Sometimes a Ajax request doesn't result in any change on the page or you don't want to include the expected page changes in the waiting code. On what condition do we wait before continuing. The easiest and also uggliest way is to insert a sleep. Problem is that we have to sleep long enough for the server to finish the ajax call. This is considered bad practice because now the test completion depends on  the hardware the test is executed and all tests will execute a considerable time longer than strictly necessary.
In our application we use the Richfaces a4j:status component (html is: _viewRoot:status.start) to show an indicator (shows text 'busy') on the page while the ajax request is being processed.  I created a waitForAjax method in our test base class which conditionally waits until the indicator is shown on the page and suqsequently waits until the indicator disappears again.
protected void waitForAjax() {
       waitForAnyText("_viewRoot:status.start", 5);
       waitForNoText("_viewRoot:status.start", 5);
}

protected void waitForAnyText(final String locator,int timeoutAsSeconds){
   waitFor(new WaitForCallback(){
     public boolean conditionMet(){
       return !selenium.getText(locator).equals("");
     }
   }, timeoutAsSeconds);
}

protected void waitForNoText(final String locator,int timeoutAsSeconds){
   waitFor(new WaitForCallback(){
     public boolean conditionMet(){
       return selenium.getText(locator).equals("");
     }
   }, timeoutAsSeconds);
}

protected void waitFor(WaitForCallback cb, int timeoutAsSeconds){
  for(int second=0;;second++) {
    if (second >= timeoutAsSeconds){
      fail("timeout");
    }
    if(cb.conditionMet()){
      break;
    }
    try {
      Thread.sleep(1000);
    }
    catch (InterruptedException e){}
  }
}
protected static interface WaitForCallback {
  boolean conditionMet();
}

The problem with this code is that if the server is really quick, the Ajax indicator is already gone when the script executes the waitForAnyText("_viewRoot:status.start") call, and the test will fail after the specified timeout. To fix this we need a non failing waitForAnyText().

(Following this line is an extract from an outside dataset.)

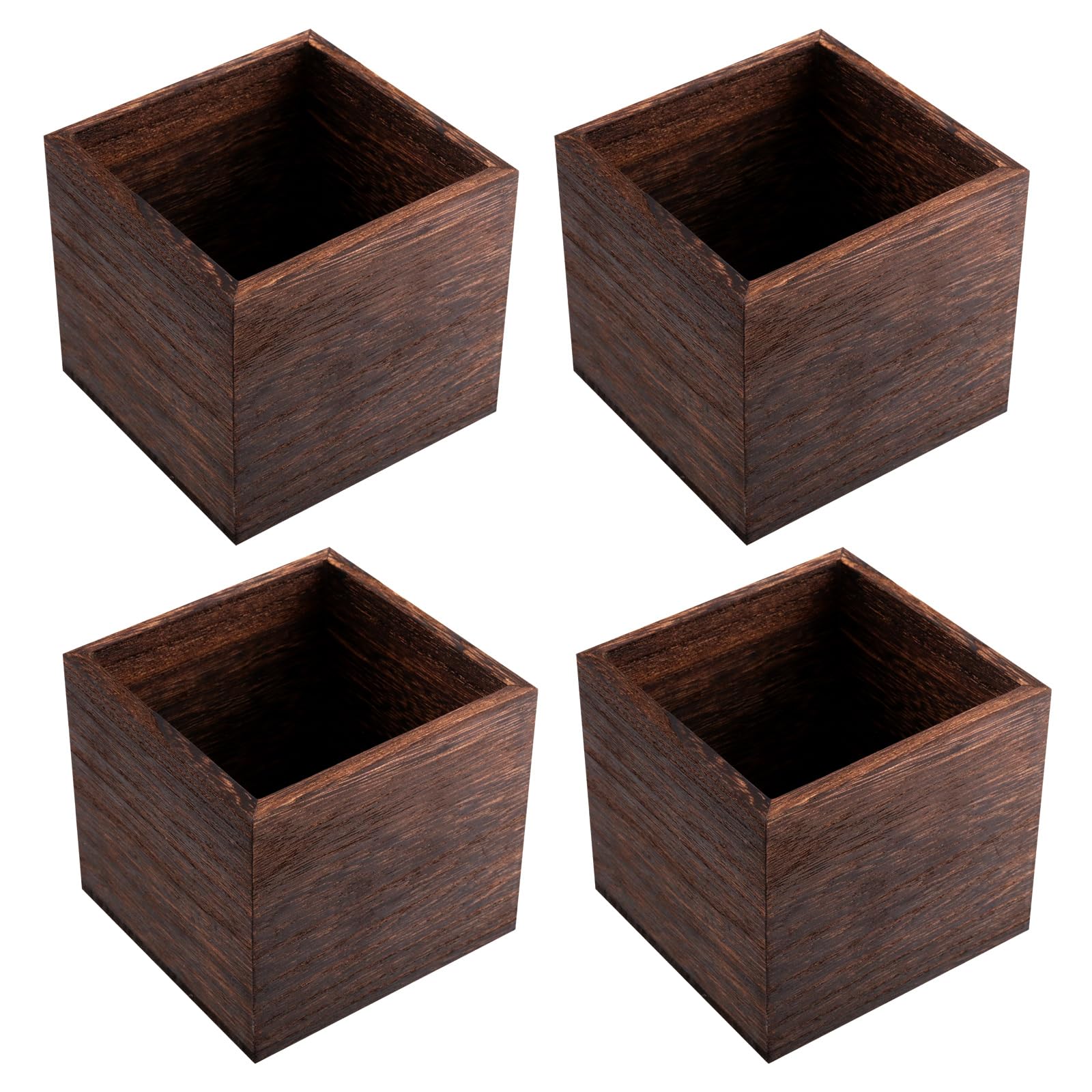 Photo 1 of HAKZEON 4 Pack Wooden Planter Box, 4 Inch Square Wood Vase Flower Pots Rustic Cube Planter Box for Wedding Garden Windowsill Home Decor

protected void waitForAjax() {
       waitForAnyText("_viewRoot:status.start", 5, false);
       waitForNoText("_viewRoot:status.start", true);
}
protected void waitForAnyText(final String locator,int timeoutAsSeconds, boolean fail){
   waitFor(new WaitForCallback(){
     public boolean conditionMet(){
       return !selenium.getText(locator).equals("");
     }
   }, timeoutAsSeconds, fail);
}

protected void waitForNoText(final String locator,int timeoutAsSeconds, boolean fail){
   waitFor(new WaitForCallback(){
     public boolean conditionMet(){
       return selenium.getText(locator).equals("");
     }
   }, timeoutAsSeconds, fail);
}

protected void waitFor(WaitForCallback cb, int timeoutAsSeconds, boolean fail){
  for(int second=0;;second++) {
    if (second >= timeoutAsSeconds){
      if (fail) {fail("timeout");} else {break;}
    }
    if(cb.conditionMet()){
      break;
    }
    try {
      Thread.sleep(1000);
    }
    catch (InterruptedException e){}
  }
}
So, now after calling waitForAjax() from our test script we know for certain that the ajax call completed and we have waited only the minimum amount of time.